■ Work item:
Retype every line from the start of the entries below down to the line with "Branta canadensis", both ends included; skip the pictures.

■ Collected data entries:
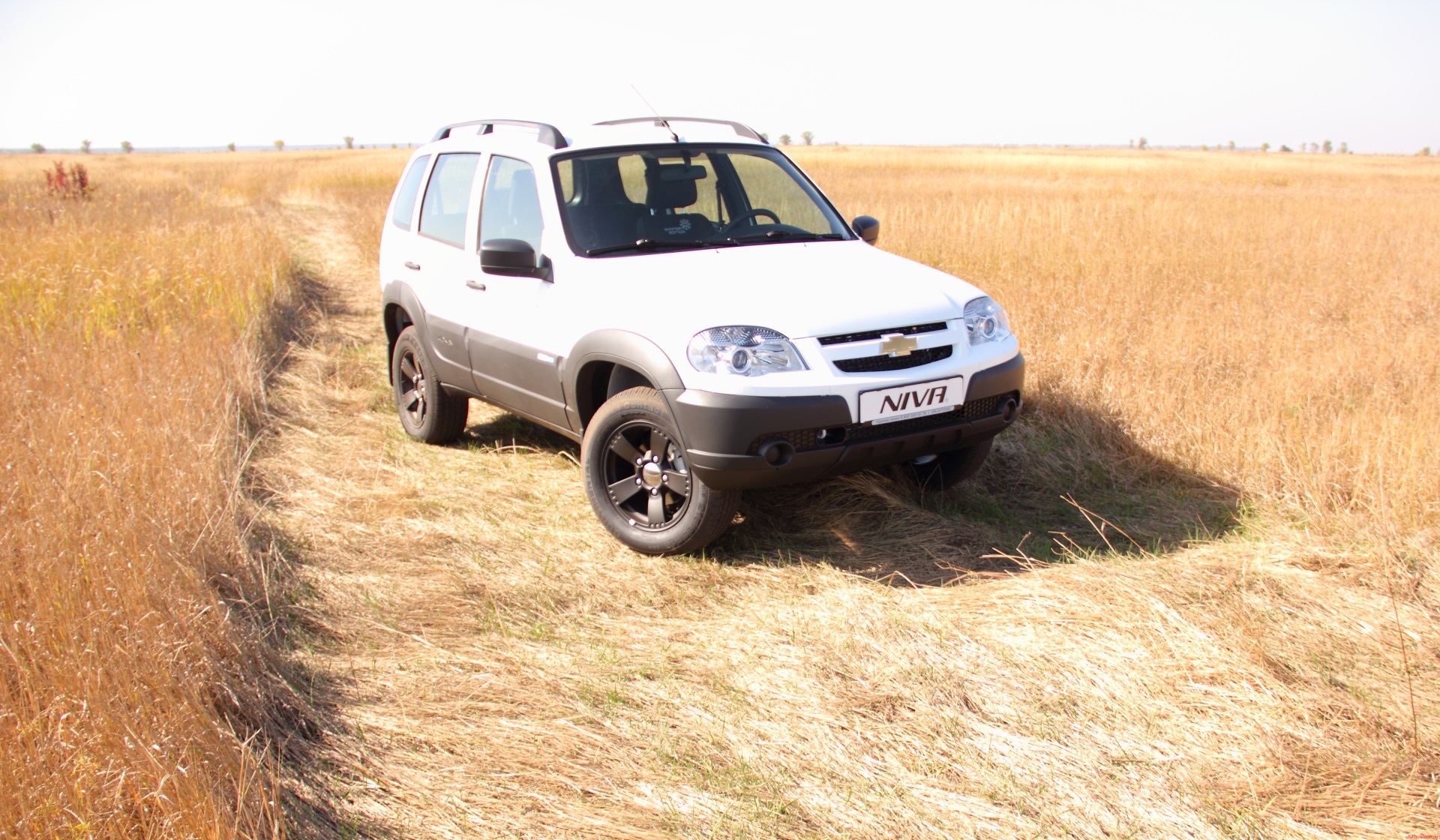 The head of the district was fined 10 thousand for purchasing a non-alternative Niva through government procurement - Government purchases, Prosecutor's office, Krasnoyarsk, Chevrolet niva, Negative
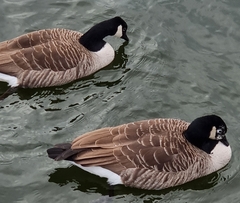 Branta canadensis
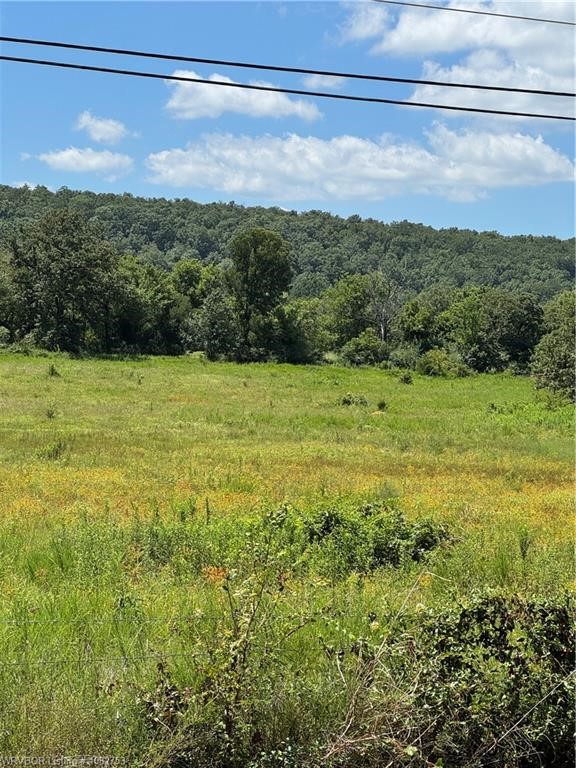 30 Acres off Bear Hollow Rd. Property is completely fenced. Small pond. Most of the land is cleared with small patches of trees. Small house on property is of no value but all the utilities are there. Gas, Electric & Water. Being Sold AS IS.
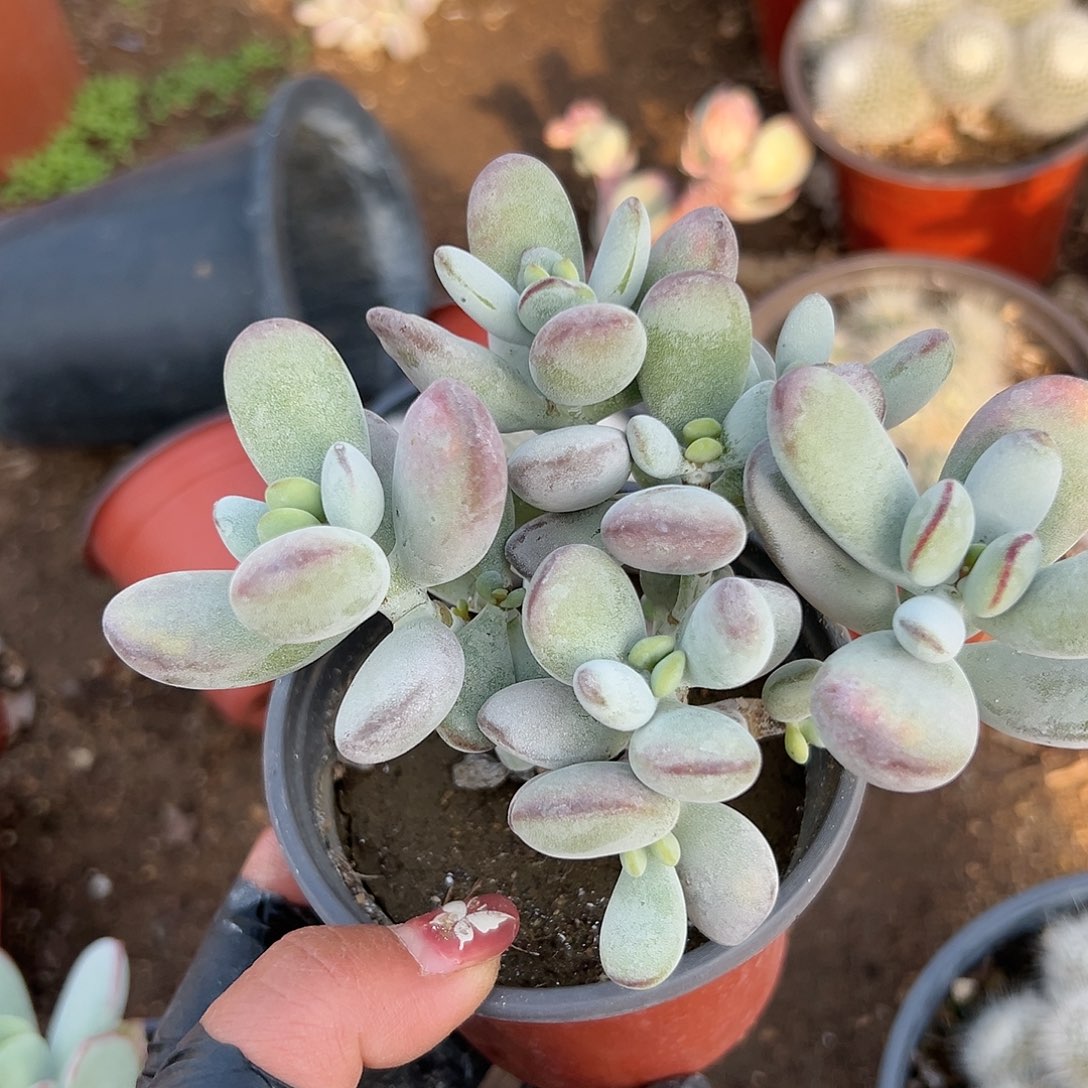 多肉植物乒乓福娘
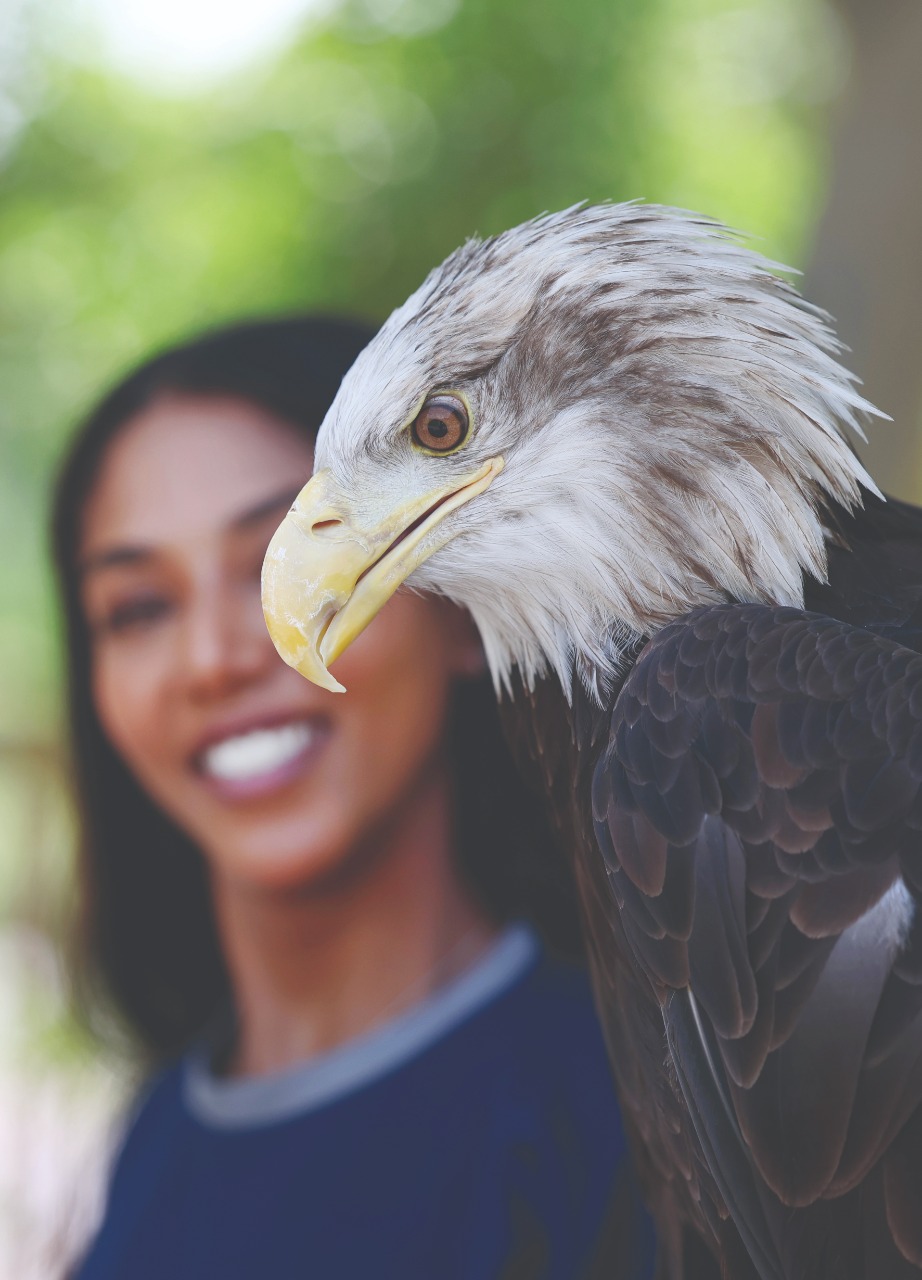 "| تصوير: سالم خميس"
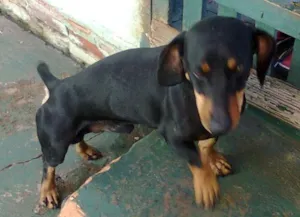 Cachorro raça Daschund idade 2 anos nome Encontrado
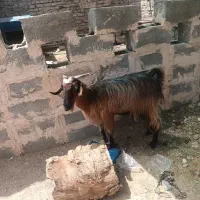 بز گوشتی|حیوانات مزرعه|ایرانشهر, |دیوار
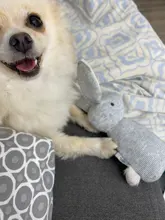 2019 nuevo mascotas perros divertidos forma Animal juguetes regalo conejo grande tocando la bocina para masticable para perros mordida Squeaker perro de juguete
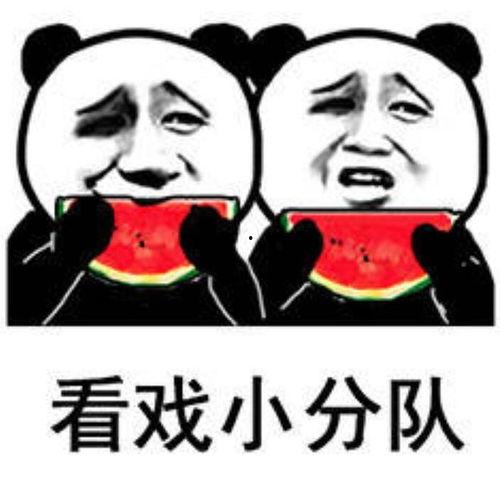 吃瓜大姐表情包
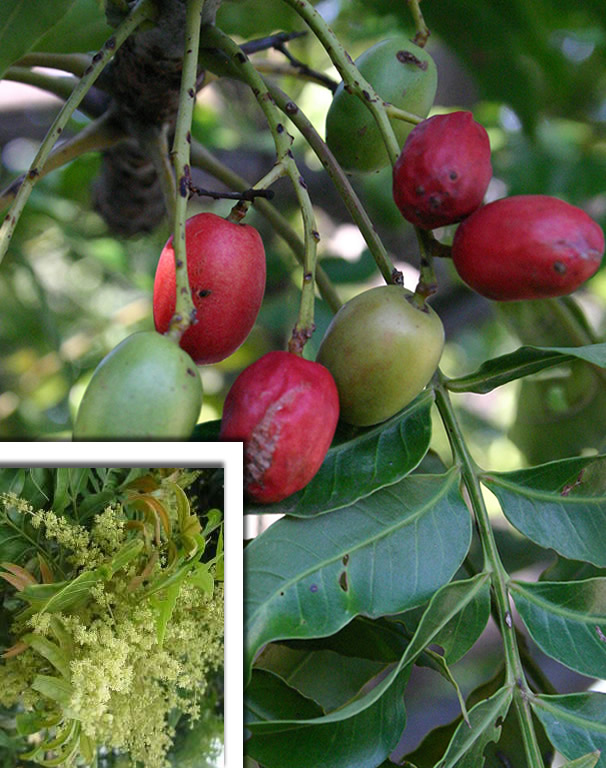 Harpephyllum caffrum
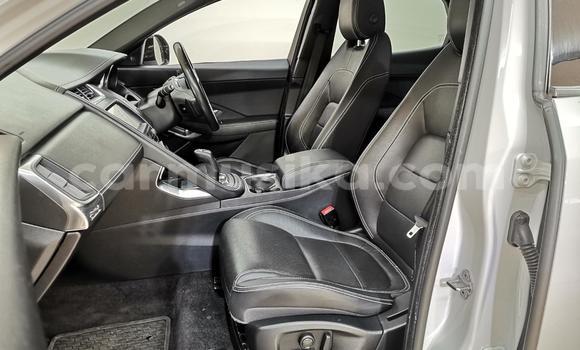 Acheter Occasion Voiture Jaguar F-Pace Blanc à Cascades, Harare Acheter Occasion Voiture Jaguar F-Pace Blanc à Cascades, Harare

■ Task output:
 The head of the district was fined 10 thousand for purchasing a non-alternative Niva through government procurement - Government purchases, Prosecutor's office, Krasnoyarsk, Chevrolet niva, Negative
 Branta canadensis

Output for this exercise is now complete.